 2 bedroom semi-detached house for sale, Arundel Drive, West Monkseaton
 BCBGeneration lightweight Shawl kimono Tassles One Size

--

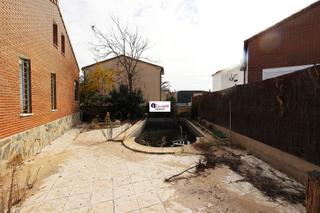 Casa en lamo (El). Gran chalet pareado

...

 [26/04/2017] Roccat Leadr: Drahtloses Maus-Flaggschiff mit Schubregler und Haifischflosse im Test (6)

WORK INSTRUCTION
Write down again, exactly as given, only the lines above that fall from the line with "2 bedroom semi-detached" to the line with "BCBGeneration lightweight Shawl", inclusive.

WRITTEN RESPONSE
 2 bedroom semi-detached house for sale, Arundel Drive, West Monkseaton
 BCBGeneration lightweight Shawl kimono Tassles One Size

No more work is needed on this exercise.